I haven't had to write it in Rust before, but this is how you would implement a debounce in JavaScript. The equivalent should be doable in Rust, too.
function debounce(cb, delay = 250) {
let timeout
return (...args) => {
clearTimeout(timeout)
timeout = setTimeout(() => {
cb(...args)
}, delay)
}
}
Throttling is slightly different in that you will choose to not call a callback unless there has been a gap of at least a certain duration.
function throttle(cb, delay = 250) {
let shouldWait = false
return (...args) => {
if (shouldWait) return
cb(...args)
shouldWait = true
setTimeout(() => {
shouldWait = false
}, delay)
}
}
1 Like
After much effort I ended up writing something like this. It somewhat works but is very cumbersome and not idiomatic at all.
use std::{
sync::{Arc, Mutex},
};
use log::{warn, error, info};
use tokio::{
task::JoinHandle,
sync::{
broadcast,
broadcast::Sender,
broadcast::Receiver,
},
time::{Instant, Duration, sleep},
};
async fn flush_after(dur: Duration, items_vec: Arc<Mutex<Vec<Message>>>, tx_message: Sender<Vec<Message>>) {
sleep(dur).await;
let mut vec_guard = items_vec.lock().unwrap();
let vec_to_send = (*vec_guard).clone();
vec_guard.clear(); // clears the vector
drop(vec_guard);
tx_message.send(vec_to_send).unwrap();
}
async fn killable_flush_after(dur: Duration, mut rx_kill: Receiver<()>, items_vec: Arc<Mutex<Vec<Message>>>, tx_message: Sender<Vec<Message>>) {
tokio::select! {
_ = flush_after(dur, items_vec, tx_message) => {}, // flush_after sleeps and tries to send the vector
_ = rx_kill.recv() => {}, // if a message is received, the future rx_kill.recv() completes
}
}
#[tokio::main]
async fn main() -> Result<(), Box<dyn std::error::Error>> {
// some code
// stream: StreamExt
let (tx_message, rx_message) = broadcast::channel(100);
let (tx_kill, rx_kill) = broadcast::channel(10);
let max_duration = Duration::from_millis(100);
let items_vec = Arc::new(Mutex::new(Vec::new()));
while let Some(item) = stream.next().await {
let _ = tx_kill.send(());
tokio::spawn(killable_flush_after(max_duration, tx_kill.subscribe(), items_vec.clone(), tx_message.clone()));
{
let mut items_lock = items_vec.lock().unwrap();
let message = deserialize_message(item)?; // TODO: catch error
info!("SENDING - {:?}", message);
(*items_lock).push(message); // TODO: catch error
}
}
Ok(())
}
Thoughts?
If I'm understanding what you want correctly, I think you can just use tokio::time::timeout
Playground
use futures::{pin_mut, StreamExt};
use tokio::time::{sleep, Duration};
#[derive(Clone, Debug)]
struct Message(usize);
#[tokio::main]
async fn main() -> Result<(), Box<dyn std::error::Error>> {
let stream = futures::stream::unfold(0, |i| async move {
if i < 100 {
if i != 0 && i % 10 == 0 {
sleep(Duration::from_millis(200)).await;
}
Some((Message(i), i + 1))
} else {
None
}
});
pin_mut!(stream);
let max_duration = Duration::from_millis(100);
let mut items = Vec::new();
let mut done = false;
let mut timed_out = false;
loop {
// timeout will cancel the future when the timeout fires. futures::StreamExt::next is documented as being cancel safe here: https://docs.rs/tokio/latest/tokio/macro.select.html#cancellation-safety
// Using a non-cancel safe future could result in losing values when the timeout fires at the wrong time.
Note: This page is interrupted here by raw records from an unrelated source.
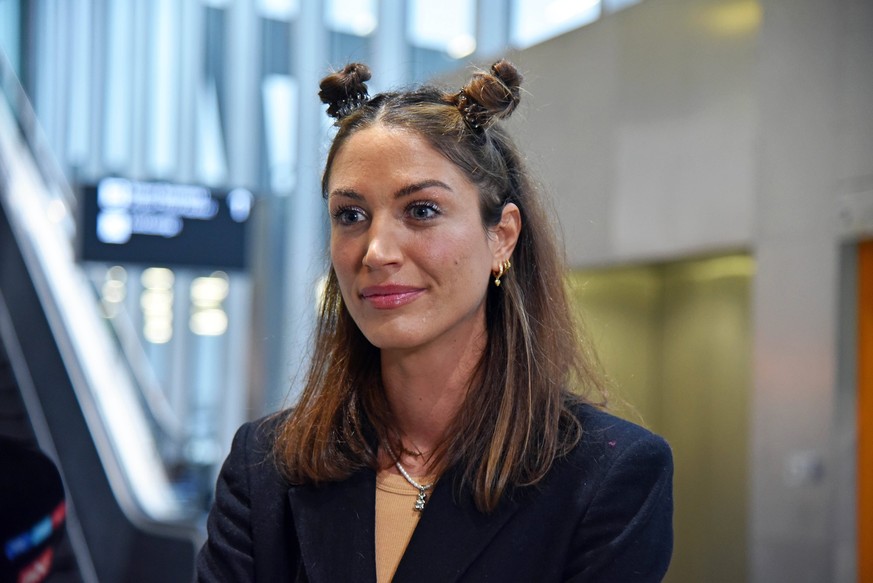 Tessa Bergmeier beim Abflug der ICH BIN EIN STAR - HOLT MICH HIER RAUS Dschungelcamp-Kandidaten nach Australien am Frankfurt International Airport in Frankfurt am Main am 02.01.2023 *** Tessa Bergmeie ...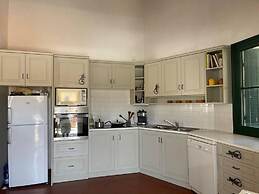 Charming two Bedroom Fisherman's House on Kea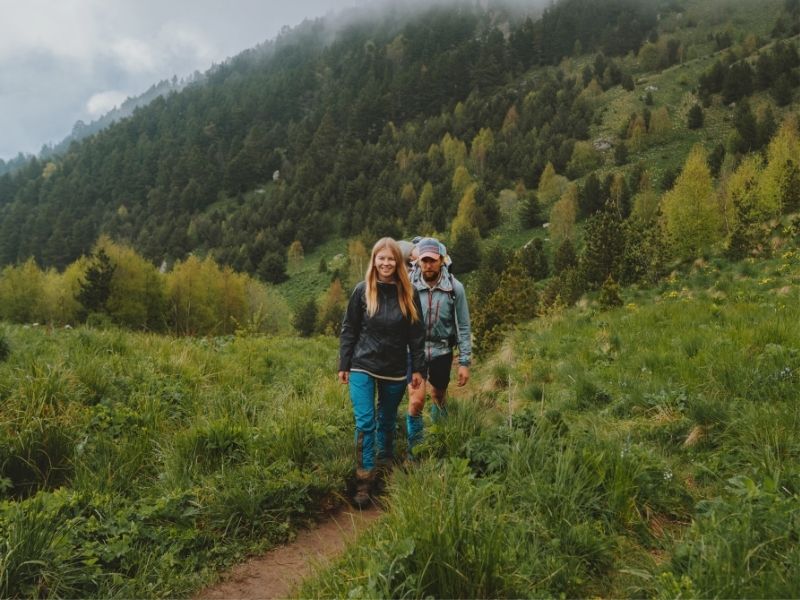 hikers-in-nature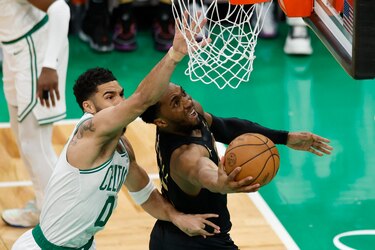 Mitchell lidera el triunfo de los Cavs en Boston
match tokio::time::timeout(max_duration, stream.next()).await {
Ok(Some(message)) => items.push(message),
Ok(None) => {
done = true;
timed_out = true
}
Err(_) => {
timed_out = true;
}
}
if timed_out {
timed_out = false;
if items.is_empty() {
continue;
}
let burst = std::mem::take(&mut items);
println!("{burst:?}");
}
if done {
break;
}
}
Ok(())
}
That is definitely a more ergonomic solution, thanks!
Depending on the details of how the system is expected to behave, you may also want to set a maximum interval messages are allowed to accumulate or a limit on the number of messages allowed to accumulate. Otherwise your code could stall out if the duration between bursts gets shorter than your hard coded timeout for some reason.